### WORK REQUIRED
Every line from the one containing "An empty living" through the end of the data is to be copied exactly, and nothing outside that range.

### DATASET CONTENT
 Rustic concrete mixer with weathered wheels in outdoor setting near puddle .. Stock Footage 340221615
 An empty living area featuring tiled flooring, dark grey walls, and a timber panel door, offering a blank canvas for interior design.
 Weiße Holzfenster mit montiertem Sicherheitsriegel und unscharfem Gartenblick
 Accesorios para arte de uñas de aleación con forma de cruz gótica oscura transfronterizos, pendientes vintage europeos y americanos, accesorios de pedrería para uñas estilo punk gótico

### WRITTEN REPLY
 An empty living area featuring tiled flooring, dark grey walls, and a timber panel door, offering a blank canvas for interior design.
 Weiße Holzfenster mit montiertem Sicherheitsriegel und unscharfem Gartenblick
 Accesorios para arte de uñas de aleación con forma de cruz gótica oscura transfronterizos, pendientes vintage europeos y americanos, accesorios de pedrería para uñas estilo punk gótico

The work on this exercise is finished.